* How to complete this task
For the data below, retype word for word the lines from the one containing "the long-tailed tit" through the one containing "上目黒氷川神社(東京都)"; drop the pictures.

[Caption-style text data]
*** Begin section ***

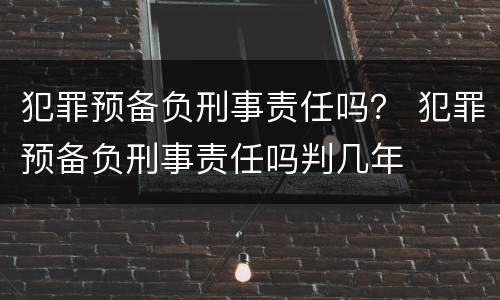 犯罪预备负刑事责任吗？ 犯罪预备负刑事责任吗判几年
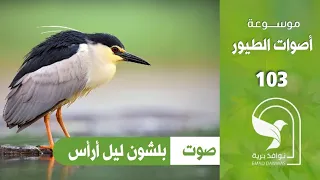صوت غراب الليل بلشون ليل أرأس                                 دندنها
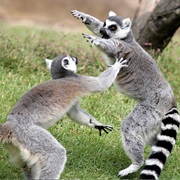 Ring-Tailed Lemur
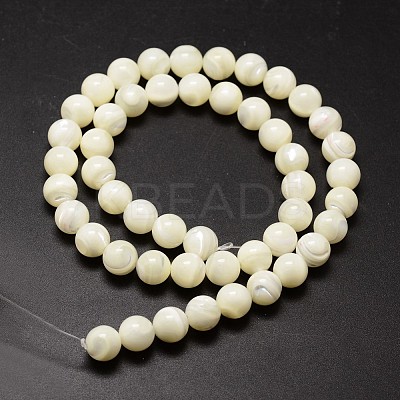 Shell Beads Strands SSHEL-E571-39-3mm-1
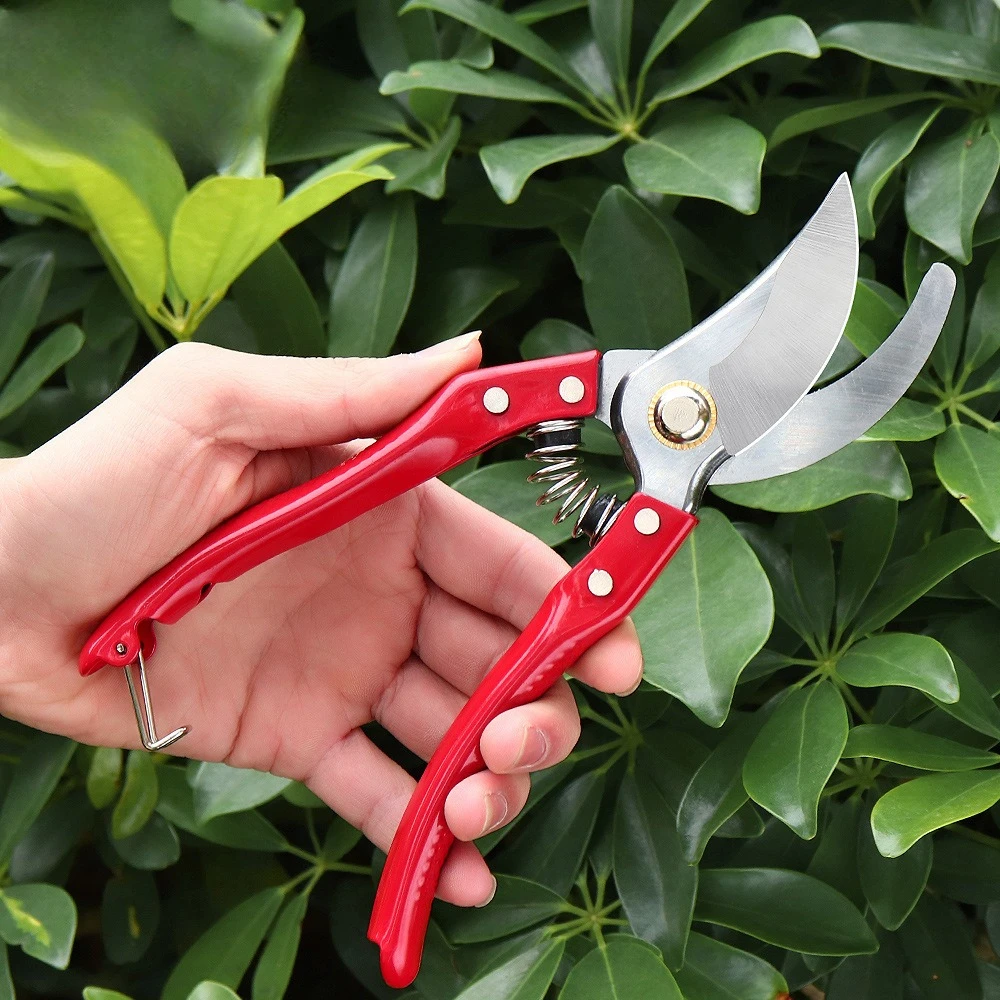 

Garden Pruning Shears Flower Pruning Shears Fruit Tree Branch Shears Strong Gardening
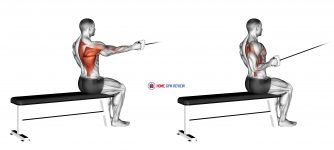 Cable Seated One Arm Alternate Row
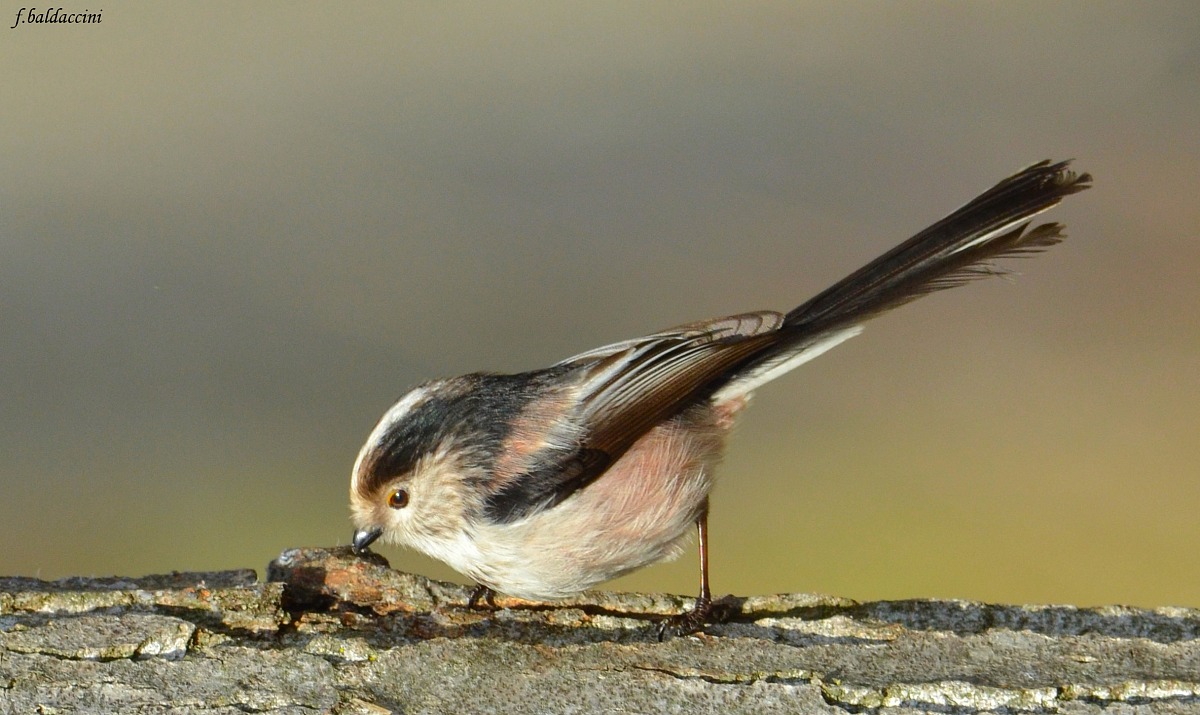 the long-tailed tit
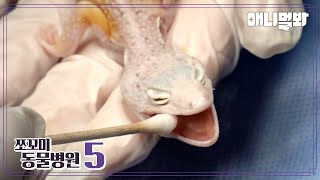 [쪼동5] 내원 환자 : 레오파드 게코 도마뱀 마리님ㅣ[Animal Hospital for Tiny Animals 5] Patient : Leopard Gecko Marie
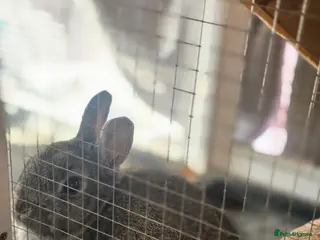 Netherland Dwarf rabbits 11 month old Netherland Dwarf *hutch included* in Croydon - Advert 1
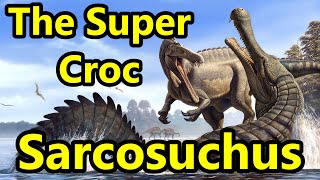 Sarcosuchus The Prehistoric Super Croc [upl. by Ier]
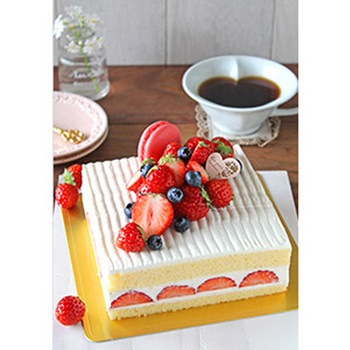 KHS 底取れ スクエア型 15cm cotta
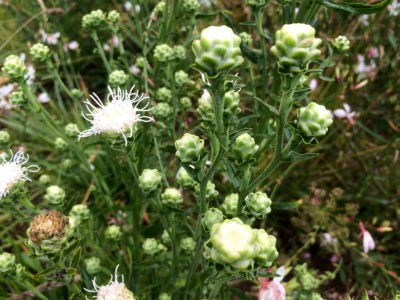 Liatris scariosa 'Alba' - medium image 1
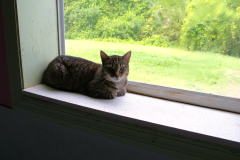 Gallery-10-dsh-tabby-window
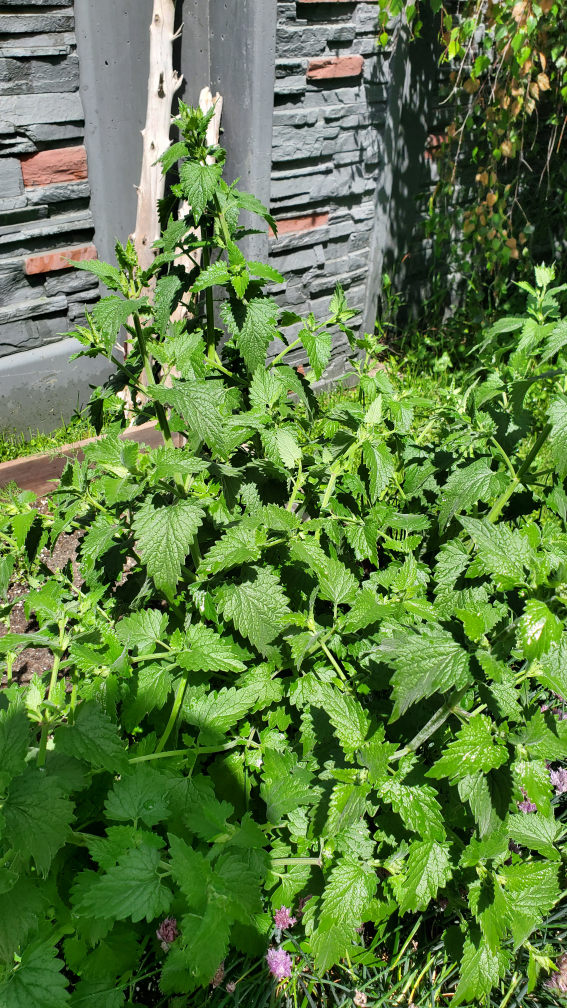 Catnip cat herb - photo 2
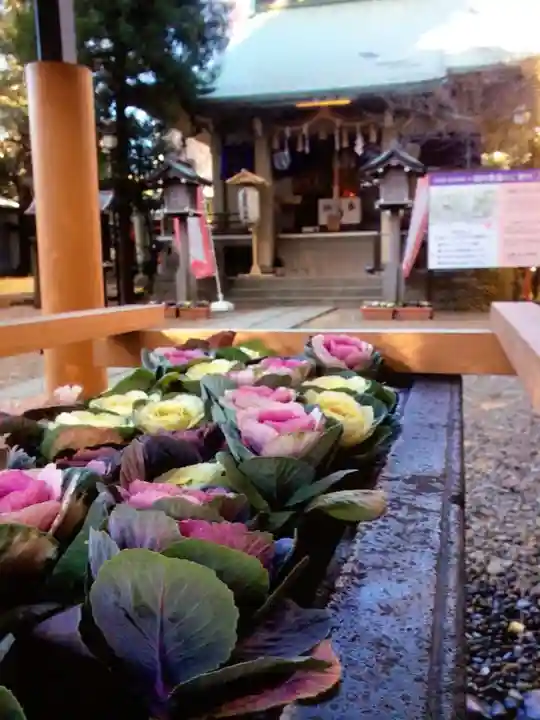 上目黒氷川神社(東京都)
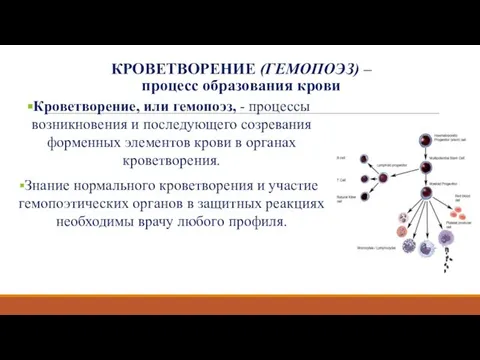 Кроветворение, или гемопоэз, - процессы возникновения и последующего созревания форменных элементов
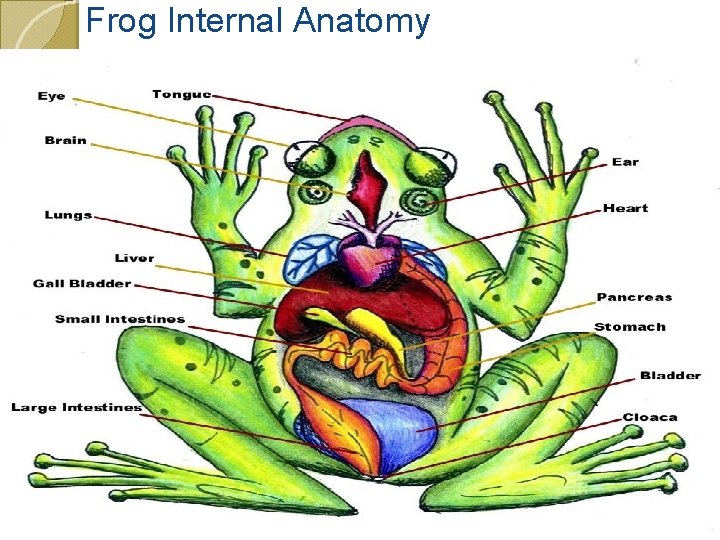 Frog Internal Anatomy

*** End section ***

* Your solution
 the long-tailed tit
 [쪼동5] 내원 환자 : 레오파드 게코 도마뱀 마리님ㅣ[Animal Hospital for Tiny Animals 5] Patient : Leopard Gecko Marie
 Netherland Dwarf rabbits 11 month old Netherland Dwarf *hutch included* in Croydon - Advert 1
 Sarcosuchus The Prehistoric Super Croc [upl. by Ier]
 KHS 底取れ スクエア型 15cm cotta
 Liatris scariosa 'Alba' - medium image 1
 Gallery-10-dsh-tabby-window
 Catnip cat herb - photo 2
 上目黒氷川神社(東京都)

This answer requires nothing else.